The complaint restated is this:

Imagine you have a type with copy semantics eg, std::vector. You can
write a function:

void foo(const vector<int>& i);

i behaves like it is conceptually const. There is no way of modifying i
[0]. Now imagine you have a class with reference semantics, eg a
reference counted version of std::vector. It may for instance
internally be implemented with a shared_ptr<vector<int> > and forward
on all the functions of vector, eg:

template<class C> class refvector
{
    private:
     shared_ptr<vector<C> > vec;

    public:
       refvector()
       :vec(new vector<C>)
       {}

       C& operator[](size_t i)
       {
           return (*vec)[i];
       }

       const C& operator[](size_t i) const
       {
           return (*vec)[i];
       }
   // etc

};

If you write a function like this:

void bar(const refvector<int>& j)
{
    refvector<int> nonconst_j(j);
    nonconst_j[0] = 0xdeadbeef; //conceptually modify j.

}

Then j is not conceptually const, as illustrated, despite the
similarity between the interface of vector and refvector and the
similarity between the function definitions. The complaint is that C++
has no mechanism for making the two examples have the same semantics.
I.e. it has no mechanism for making the top-level const stronger.

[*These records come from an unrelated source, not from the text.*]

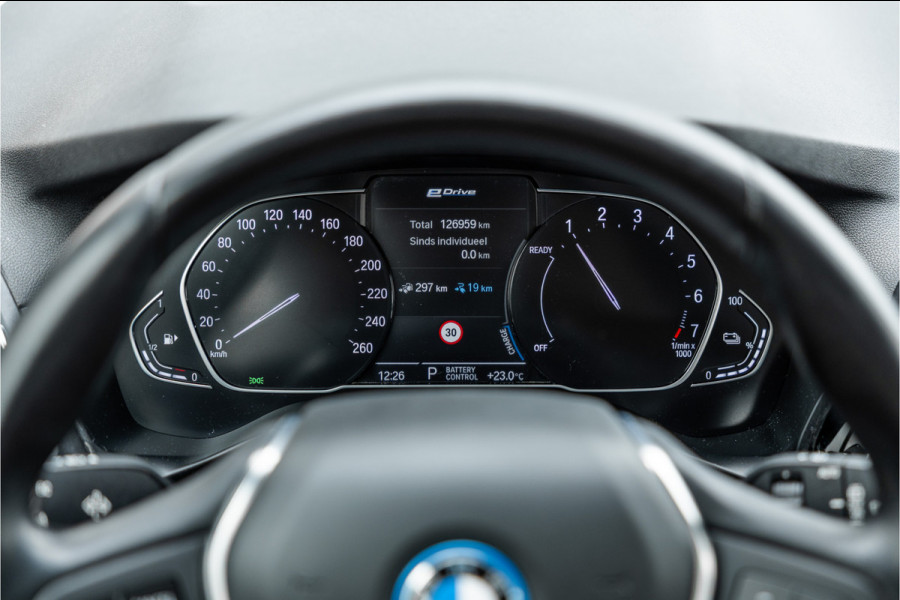 BMW X3 xDrive30e SOH 99% / LED / Camera / All-Season / Carplay /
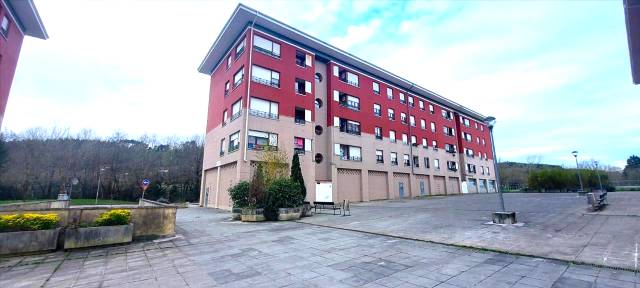 Garaje en Venta en Intxauti Eresguille  en Mungia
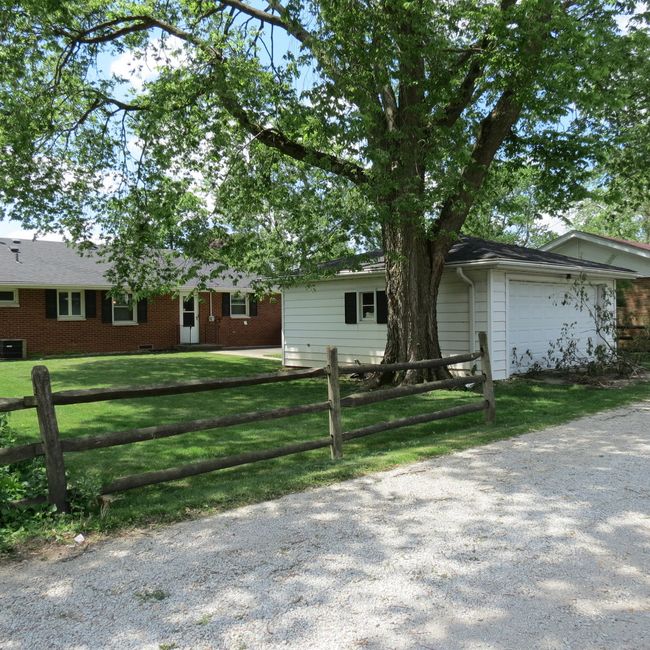206 Vermont St, House other with 4 bedrooms, 2 bathrooms and 2 parking in Momence IL | Image 4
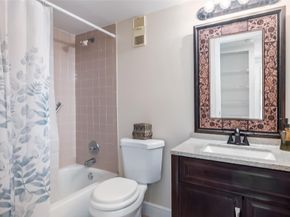 10101 Sunrise Lakes Blvd 204, Sunrise FL 33322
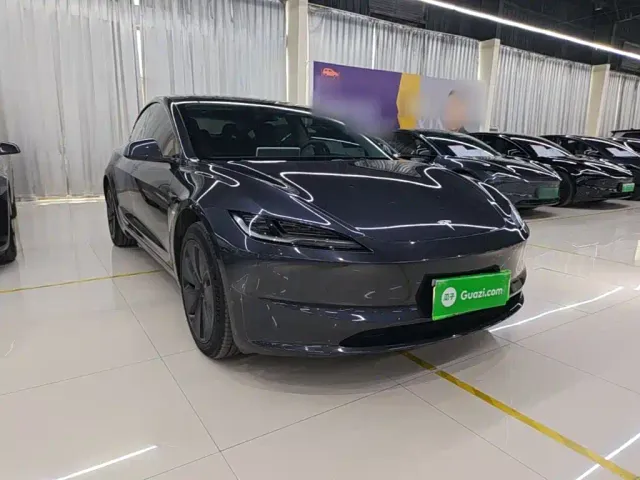 Tesla Model 3 — Фото автомобиля 3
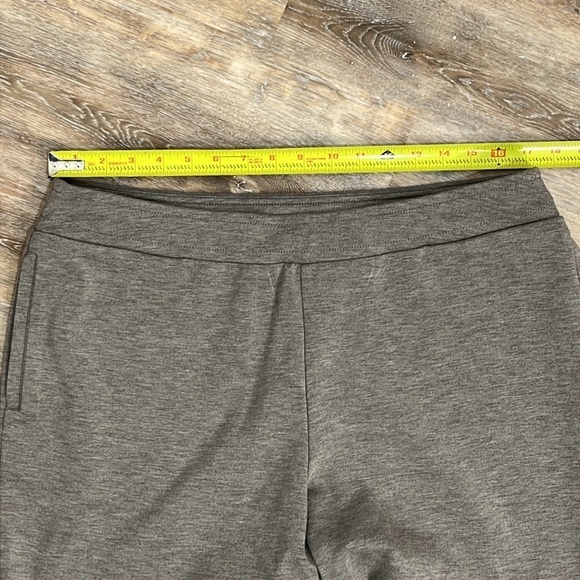 Weekends by Chico’s Size Large 12 Gray Wide Leg Sweatpants Pants Pull On Crop - Picture 5 of 12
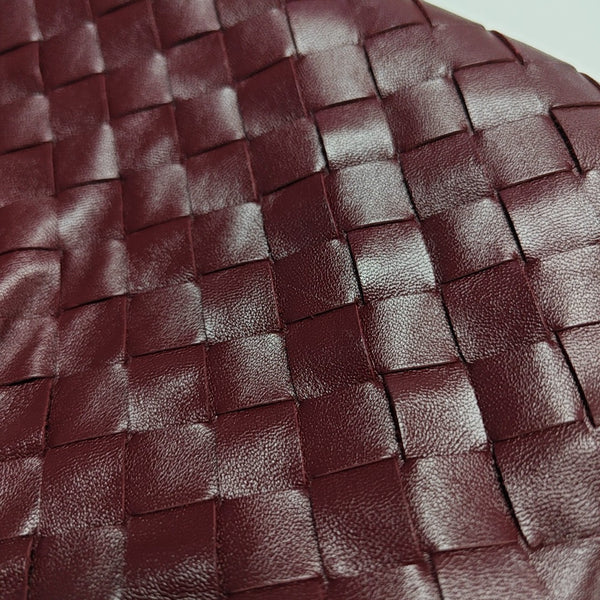 The Pouch Large Calfskin Red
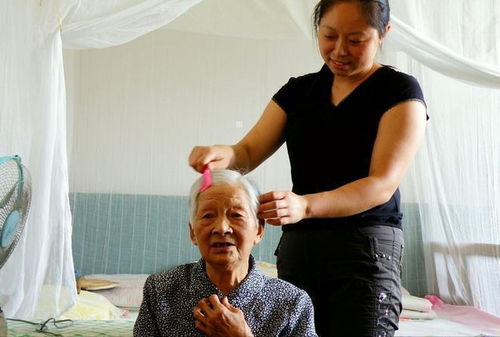 月嫂公司违约 月嫂公司违约金是多少 月嫂公司违约 月嫂公司违约金是多少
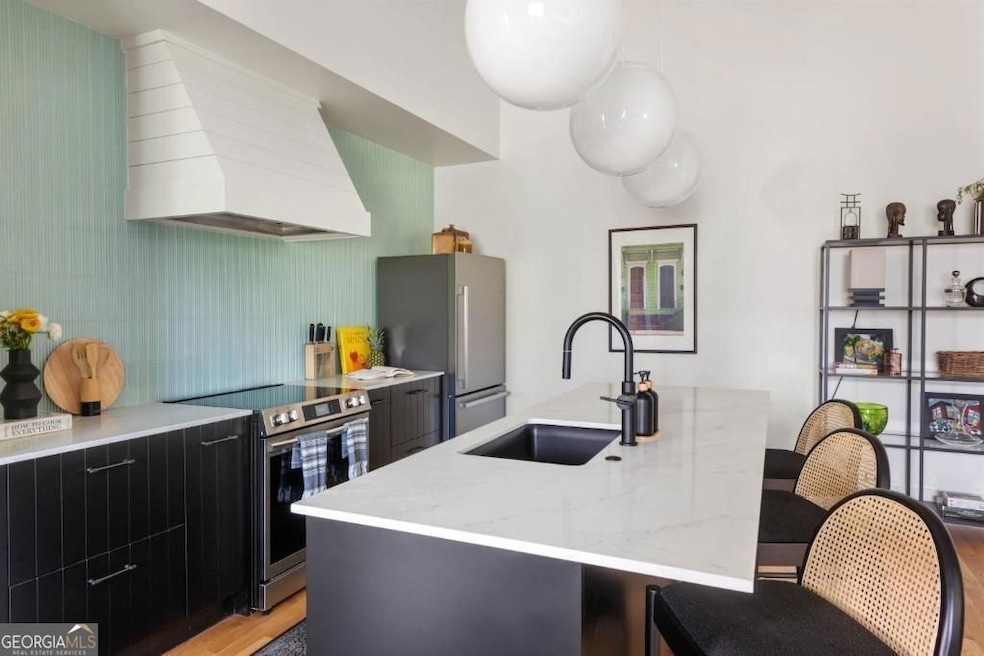 For Rent $2,500/month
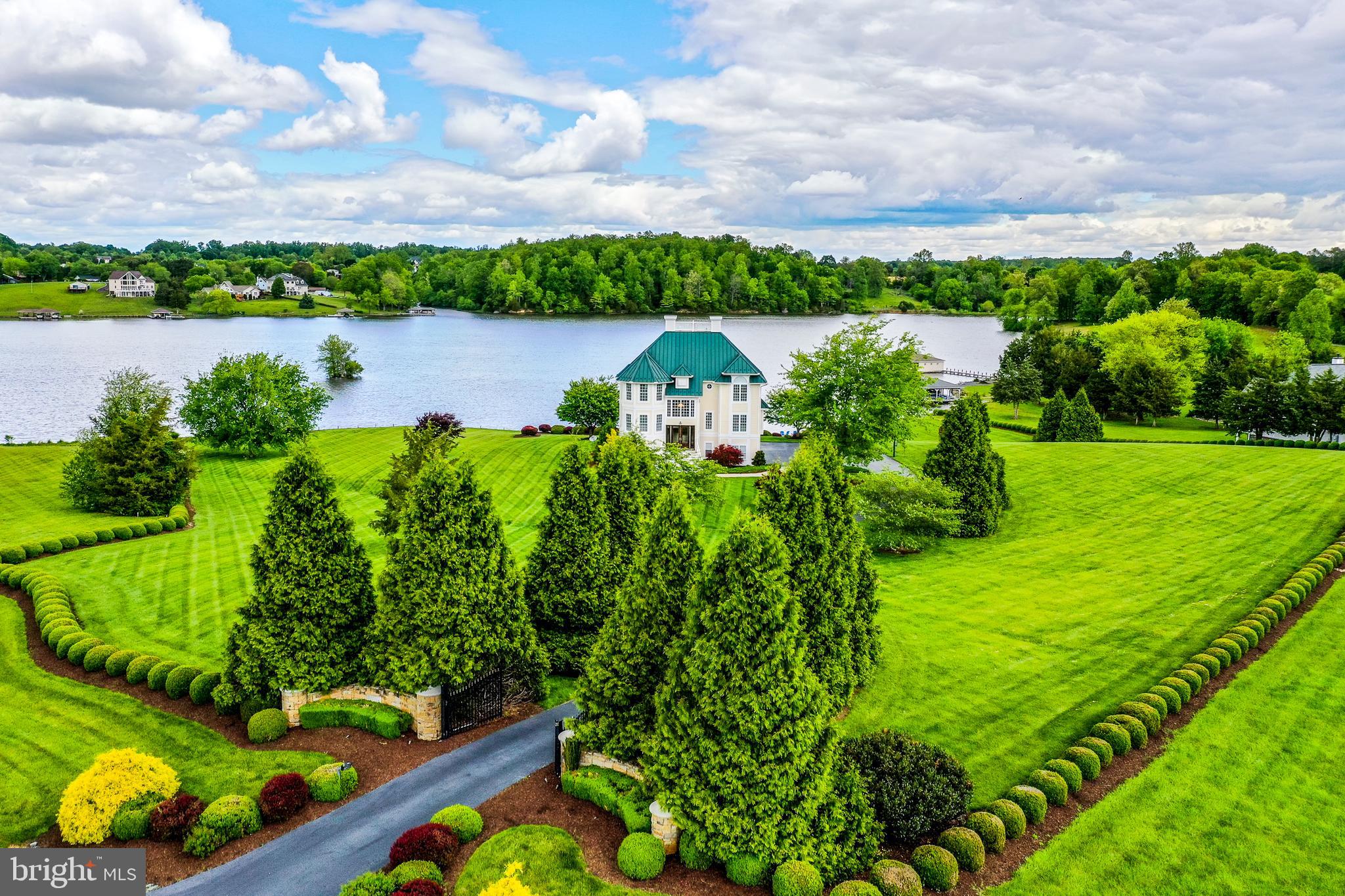 GEORGETOWN ESTATES - Residential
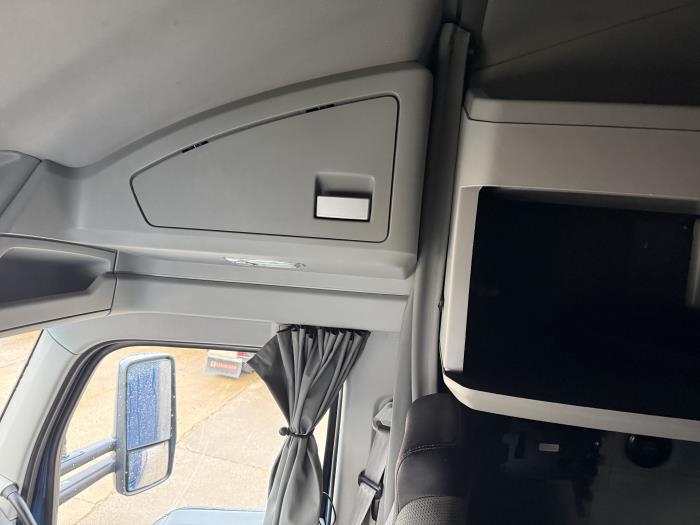 2022 Kenworth T680-20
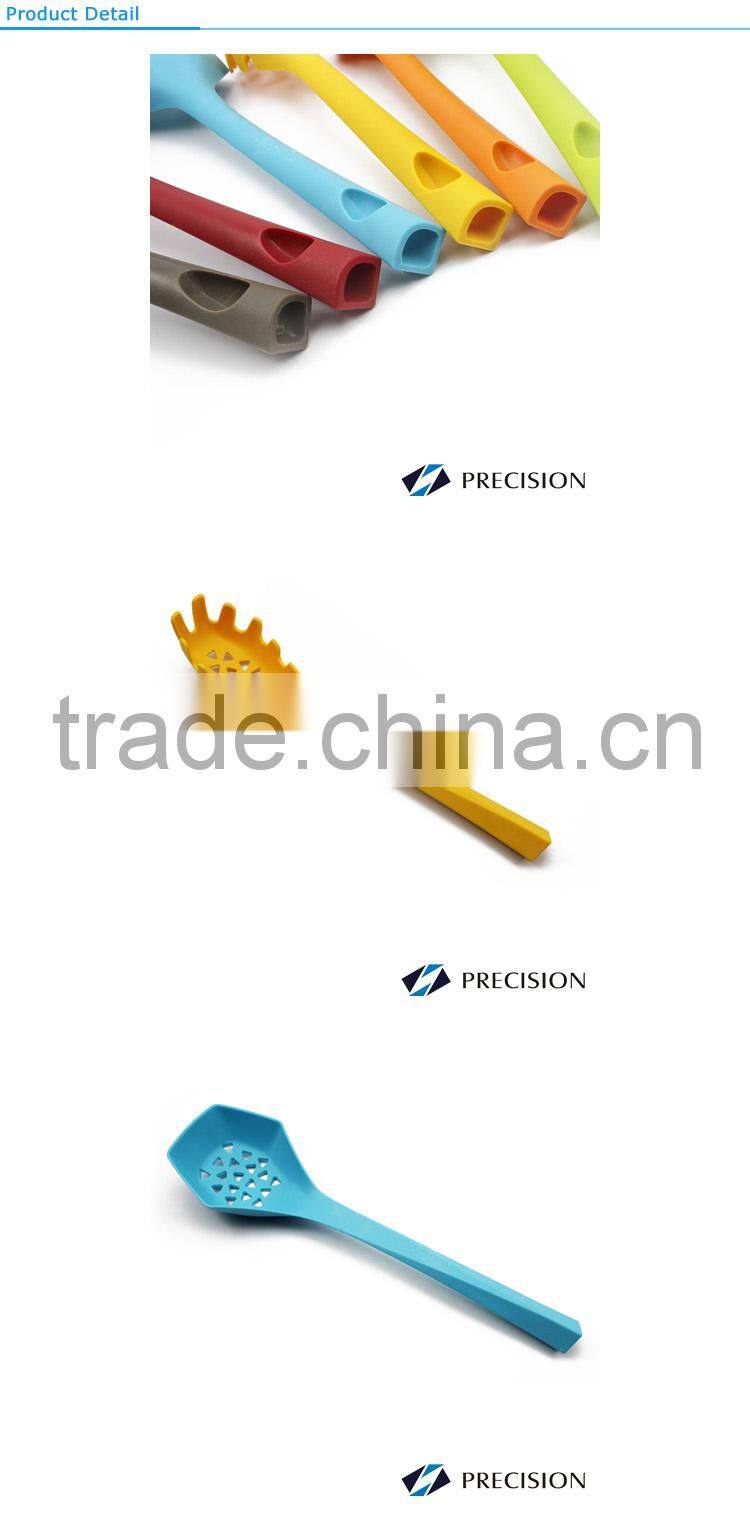 Colorful Pureline Kitchen tool set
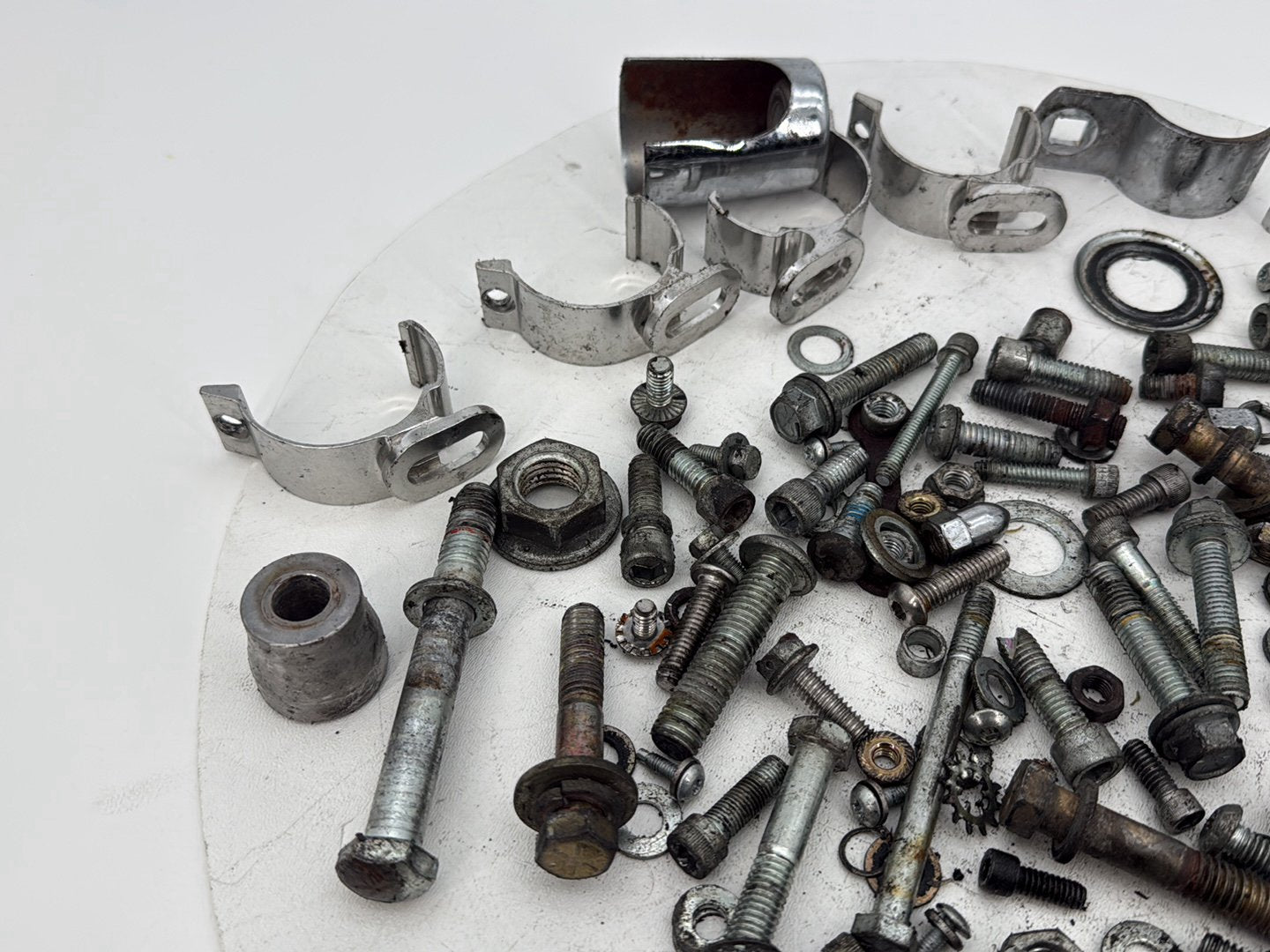 2006 - 2017 Harley-Davidson Dyna Street Bob Hardware Bolts Nuts & Brackets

Of course is possible to write instead:

void bar2(const refvector<const int>& j);

and make sure that that refvector<int> knows how to turn itself in to
a refvector<const int>. Of course, the code looks different, meaning
that the uniformity of interface is spoiled. Imagine writing a rather
generic function which works on vector like objects, provided that
they provide operator[] and a .size() method:

One may wish to write the function like this:

template<class T> int sum_vector_like_object(const T& v)
{
    //make a temp copy of v
    T tmp_v(v);
    //sort_inplace is a domain specific sorting function which also
uses operator[] and .size()
    sort_inplace(v); //This improves the precision for summing an array
of positive reals
    double sum=0;
    for(int i=0; i < tmp_v.size(); i++)
       sum += tmp_v[i];
    return sum;

}

If one initially write the function with std::vector and std::valarray
in mind and then passes a refvector, the code is broken in that the
argument is modified. The problem is that C++ does not allow
sufficient control over the semantics for one to design refvector that
produces an error in the above function.

Essentially what is missing is the ability to optionally make top-
level const stronger so that it propagates further, allowing one to
use const to further protect oneself from one's own mistakes.

This is not based on a misunderstanding of C++ semantics. It is a
complaint based on the inability to make reference classes
conceptually const like value classes. This is a complaint I happen to
agree with.

-Ed
--
(You can't go wrong with psycho-rats.)(http://mi.eng.cam.ac.uk/~er258)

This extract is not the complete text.